In a way, opera presents the conundrum that the arts find themselves in at the beginning of the 21st century. From the 15th century, various European nations colonized much of the rest of the world. In that process, they took their preferred arts and cultural practices with them on their journey and then replicated them in their colonies. This meant that as countries threw off their colonial shackles and became new nations, they frequently inherited a preference for the European models of art practice. Hence opera houses and theaters were built throughout South America and North America, and in many parts of Asia, Oceania and Africa, first by the colonial masters and then later to indicate the coming of age of that nation. Ironically, this pattern of edifice building has also now taken place in China as it asserts its power and independence internationally. There has been a huge building program of large performing arts centers at great cost over the past few years throughout China (Qiao 2015). Wherever they are located globally, these centers are very expensive to maintain and demand a distinct kind of arts practice to occur in them. This arts practice may not be relevant to the local people where the arts center is built, but nevertheless precious arts dollars continue to be spent on these edifices.

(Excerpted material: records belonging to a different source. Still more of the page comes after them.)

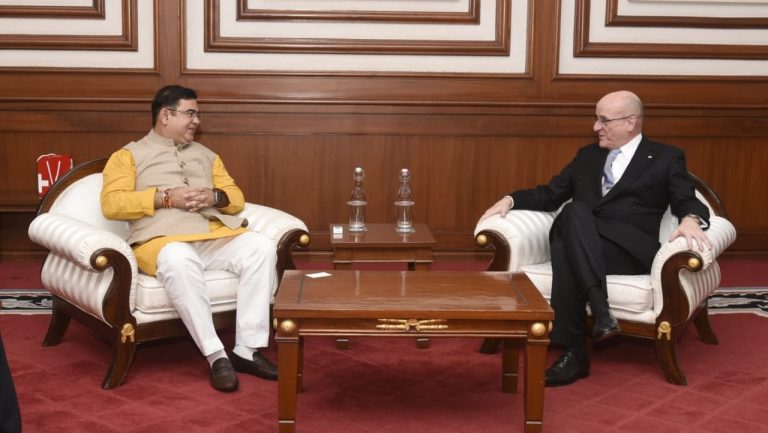 maharashtra-keen-to-increase-trade-with-switzerland-minister-rawal-and-the-consul-general-of-switzerland-hold-talks-in-mumbai
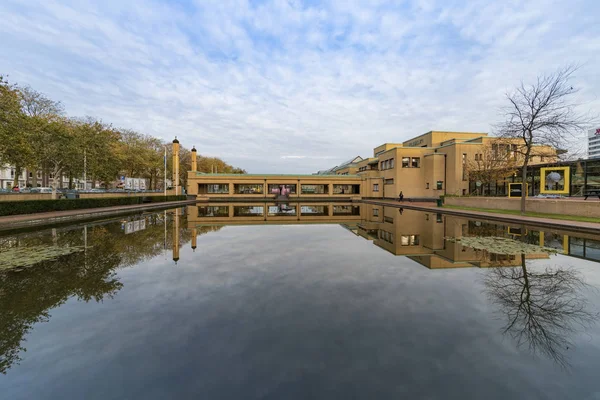 Hague Novembro 2018 Reflexão Água Museu Município Chamado Museon Haia — Fotografia de Stock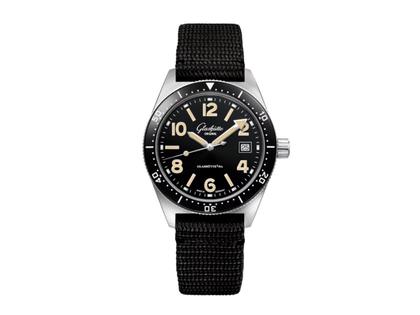 Glashütte Original SeaQ Automatik Edelstahl 40mm schwarzes Zifferblatt schwarzes Textilband – Herrenuhren Uhr mit Datum aus Edelstahl. Das Gehäuse ist rund und silber. Das Textilarmband ist schwarz. Das Zifferblatt ist arabisch Index und schwarz.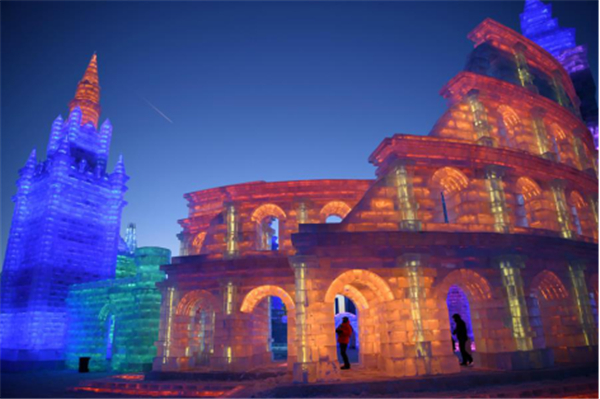 Enjoy winter fun in Harbin Ice and Snow World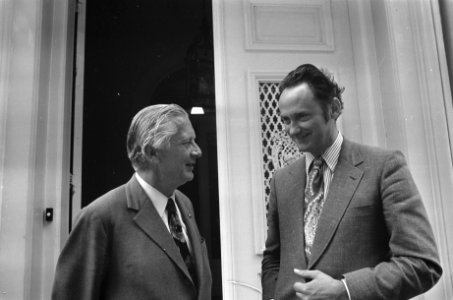 Mr Y Scholten onderzoekt voor Formateur Biesheuvel of breuk met DS'70 te lijme, Bestanddeelnr 925-7795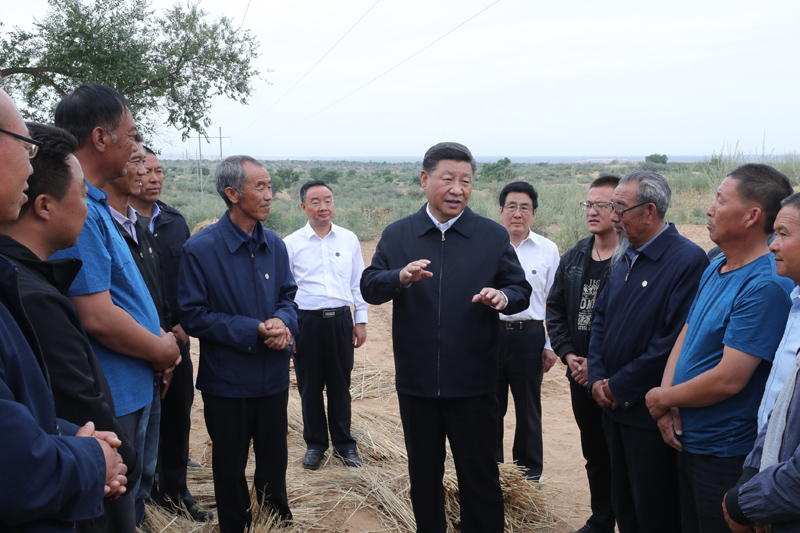 8月19日至22日，中共中央總書(shū)記、國家主席、中央軍委主席習近平在甘肅考察。這是21日上午，習近平在武威市古浪縣八步沙林場(chǎng)同“六老漢”代表及林場(chǎng)職工親切交談。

In the visual arts world in the 20th century, art galleries and museums have become the new churches and are seen as places to visit throughout the world. Galleries such as the Tate, the Louvre and the Guggenheim have become little empires that have many branches – in the Guggenheim’s case, it is a brand that can be seen as a way to market a city (e.g. Bilbao) guaranteeing visitors who would not otherwise have it on their itinerary. While galleries and museums have a role in preserving and presenting art, they are also now seen as tourism destinations that generate enormous economic benefits for themselves and their location. They are seen as part of the ‘creative’ city framing where artists, and creative practitioners more generally, have a direct impact on the image and attraction of a city to visit or live in (Florida 2005; Landry & Hyams 2012).

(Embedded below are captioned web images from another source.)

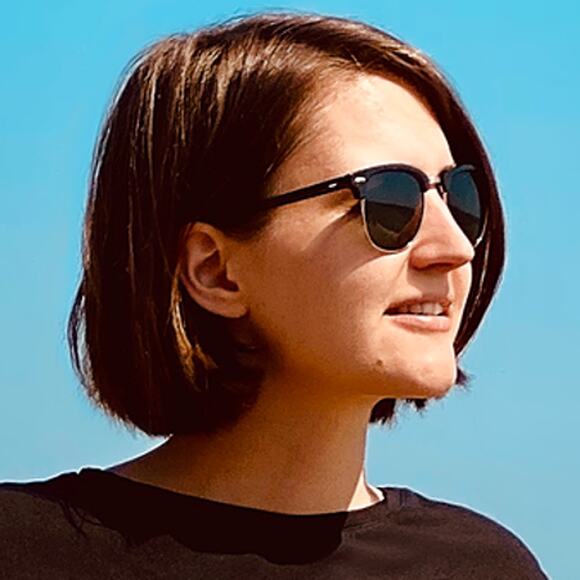 Upcycled Hand Printed Medium White Cockatoo Parrot Ukraine Artist Fundraiser Tee - Picture 4 of 4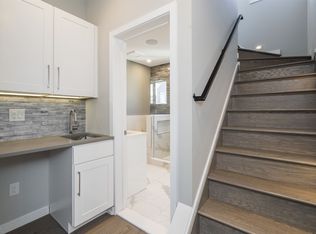 4811 Ogle St, Philadelphia, PA 19127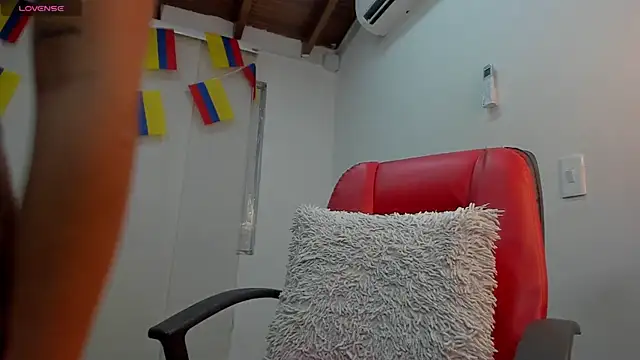 Snapshot of PauletteManson chatting on July 12, 2026, 3:29 am PauletteManson online show from July 12, 2026, 3:29 am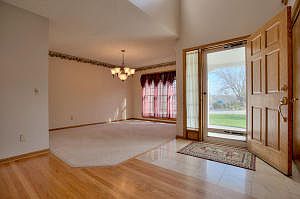 2nd image of 24 Aspen Ct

The funding of arts practice has been framed in different ways over the past 50 years. It is noted that state policies towards the arts reflect the ideologies and values of the government in power (Ridley 1987). If you take the example of the United Kingdom for instance, when John Maynard Keynes and his colleagues founded the Arts Council of Great Britain in 1946, the principles for its creation were located around the need to encourage arts activity that was not dependent on the marketplace to survive, to keep arts funding at a distance from the politics of government and to provide access to arts activity for a broader mix of the population (Upchurch 2004). As the ideologies driving governments changed, their relationship with arts funding also changed. From the 1970s to late 1990s, the rationale for arts funding became more located around the ‘instrumental’ benefits that the arts could provide for society (Belfiore 2004; Gray 2007). For example, the arts were seen as contributing to positive social outcomes (Matarasso 1997). The arts were also associated with educational outcomes and seen as a method for increasing a student’s aptitude, in maths, say, through learning music, or providing a pathway to academic achievement through engagement with the arts (Catterall 2009; Cornett 1999; Robinson 1999).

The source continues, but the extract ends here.